A negative for sandblast evaluation of line width / space width = 300/300 (unit: μm) was placed on the PET film of the obtained sample, and 150 mJ / cm ² with an EXM-1201 type exposure machine manufactured by Oak Manufacturing Co., Ltd. The photosensitive resin composition layer was exposed through a PET film at an exposure amount of 1, and then left at room temperature for 30 minutes.
Next, the PET film was peeled off, and the sample after the exposure treatment in which the photosensitive resin composition layer was exposed was used at a liquid temperature of 30 ° C. and a spray pressure of 0.16 MPa using a 1.0 mass% sodium carbonate aqueous solution. Development was carried out by spraying for 40 seconds to remove the resin in the unexposed area.
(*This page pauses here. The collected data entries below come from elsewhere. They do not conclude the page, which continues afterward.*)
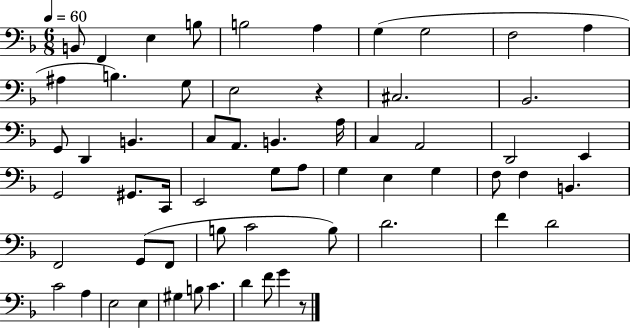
B2/e F2/q E3/q B3/e B3/h A3/q G3/q G3/h F3/h A3/q A#3/q B3/q. G3/e E3/h R/q C#3/h. Bb2/h. G2/e D2/q B2/q. C3/e A2/e. B2/q. A3/s C3/q A2/h D2/h E2/q G2/h G#2/e. C2/s E2/h G3/e A3/e G3/q E3/q G3/q F3/e F3/q B2/q. F2/h G2/e F2/e B3/e C4/h B3/e D4/h. F4/q D4/h C4/h A3/q E3/h E3/q G#3/q B3/e C4/q. D4/q F4/e G4/q R/e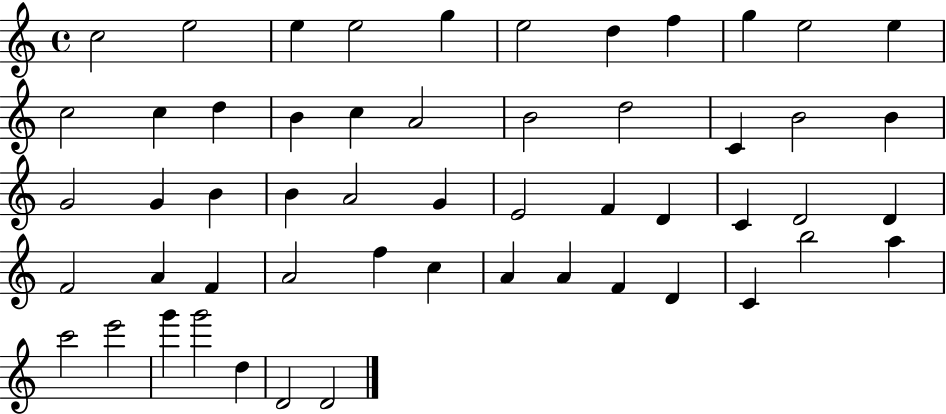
X:1
T:Untitled
M:4/4
L:1/4
K:C
c2 e2 e e2 g e2 d f g e2 e c2 c d B c A2 B2 d2 C B2 B G2 G B B A2 G E2 F D C D2 D F2 A F A2 f c A A F D C b2 a c'2 e'2 g' g'2 d D2 D2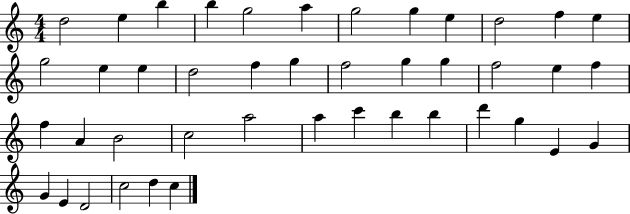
D5/h E5/q B5/q B5/q G5/h A5/q G5/h G5/q E5/q D5/h F5/q E5/q G5/h E5/q E5/q D5/h F5/q G5/q F5/h G5/q G5/q F5/h E5/q F5/q F5/q A4/q B4/h C5/h A5/h A5/q C6/q B5/q B5/q D6/q G5/q E4/q G4/q G4/q E4/q D4/h C5/h D5/q C5/q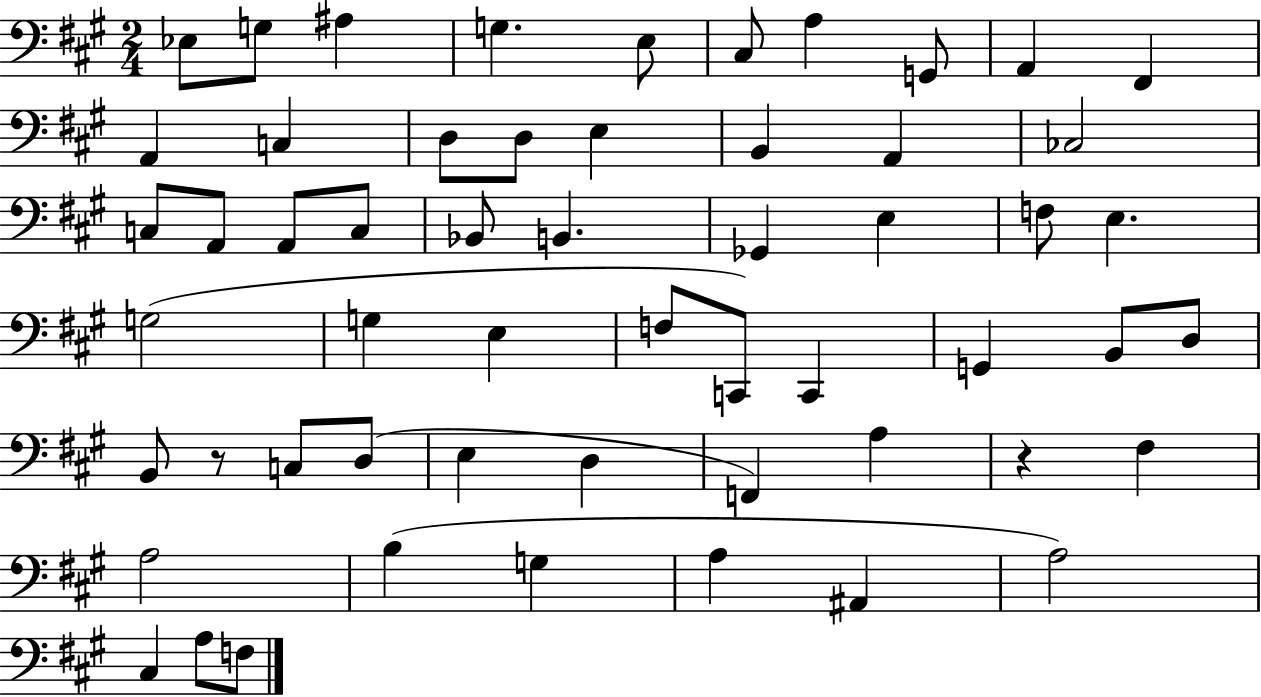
{
  \clef bass
  \numericTimeSignature
  \time 2/4
  \key a \major
  ees8 g8 ais4 | g4. e8 | cis8 a4 g,8 | a,4 fis,4 | \break a,4 c4 | d8 d8 e4 | b,4 a,4 | ces2 | \break c8 a,8 a,8 c8 | bes,8 b,4. | ges,4 e4 | f8 e4. | \break g2( | g4 e4 | f8 c,8) c,4 | g,4 b,8 d8 | \break b,8 r8 c8 d8( | e4 d4 | f,4) a4 | r4 fis4 | \break a2 | b4( g4 | a4 ais,4 | a2) | \break cis4 a8 f8 | \bar "|."
}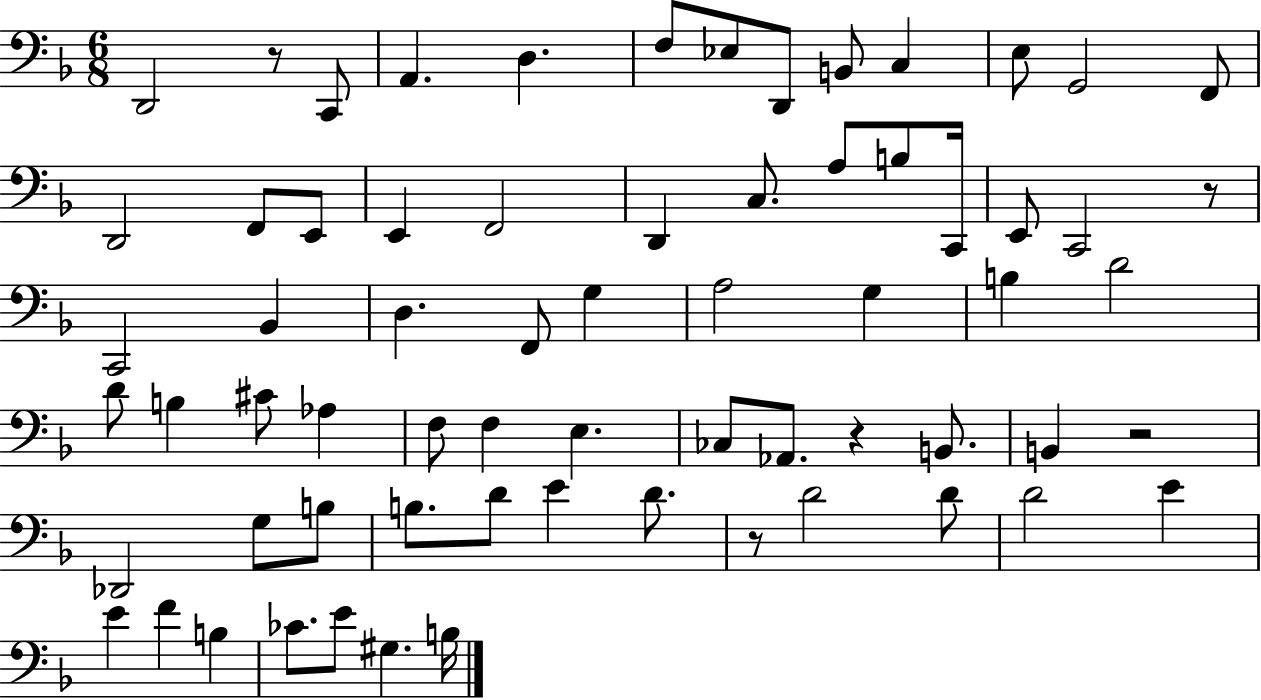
X:1
T:Untitled
M:6/8
L:1/4
K:F
D,,2 z/2 C,,/2 A,, D, F,/2 _E,/2 D,,/2 B,,/2 C, E,/2 G,,2 F,,/2 D,,2 F,,/2 E,,/2 E,, F,,2 D,, C,/2 A,/2 B,/2 C,,/4 E,,/2 C,,2 z/2 C,,2 _B,, D, F,,/2 G, A,2 G, B, D2 D/2 B, ^C/2 _A, F,/2 F, E, _C,/2 _A,,/2 z B,,/2 B,, z2 _D,,2 G,/2 B,/2 B,/2 D/2 E D/2 z/2 D2 D/2 D2 E E F B, _C/2 E/2 ^G, B,/4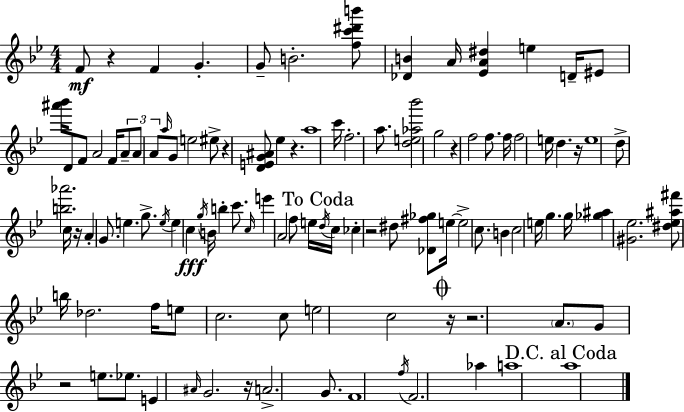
F4/e R/q F4/q G4/q. G4/e B4/h. [F5,C6,D#6,B6]/e [Db4,B4]/q A4/s [Eb4,A4,D#5]/q E5/q D4/s EIS4/e [A#6,Bb6]/s D4/e F4/e A4/h F4/s A4/e A4/e A4/e A5/s G4/e E5/h EIS5/e R/q [D4,E4,G4,A#4]/e Eb5/q R/q. A5/w C6/s F5/h. A5/e. [D5,E5,Ab5,Bb6]/h G5/h R/q F5/h F5/e. F5/s F5/h E5/s D5/q. R/s E5/w D5/e [B5,Ab6]/h. C5/s R/s A4/q G4/e. E5/q. G5/e. E5/s E5/q C5/q G5/s B4/s B5/q C6/e. C5/s E6/q A4/h F5/e E5/s D5/s C5/s CES5/q R/h D#5/e [Db4,F#5,Gb5]/e E5/s E5/h C5/e. B4/q C5/h E5/s G5/q. G5/s [Gb5,A#5]/q [G#4,Eb5]/h. [D#5,Eb5,A#5,F#6]/e B5/s Db5/h. F5/s E5/e C5/h. C5/e E5/h C5/h R/s R/h. A4/e. G4/e R/h E5/e. Eb5/e. E4/q A#4/s G4/h. R/s A4/h. G4/e. F4/w F5/s F4/h. Ab5/q A5/w A5/w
Thereafter, using SiC (silicon carbide) # 800 as an abrasive, sandblasting was performed 5 times at a blast pressure of 0.15 MPa, a nozzle moving width: 300 mm, a nozzle moving speed: 8 m / min, and a conveyor speed: 15 mm / min. . The surface of the sample after the treatment was observed, the line width after the treatment was measured and compared with the line width before the treatment, and sandblast resistance was evaluated. The evaluation criteria are as follows.
A: No chipping or peeling is observed in the resist pattern after sandblasting. Alternatively, the line width change after sandblasting is less than 10% of the negative value. B: The resist pattern is chipped or peeled off after sandblasting. Alternatively, the line width change after sandblasting is 10% or more with respect to the negative value.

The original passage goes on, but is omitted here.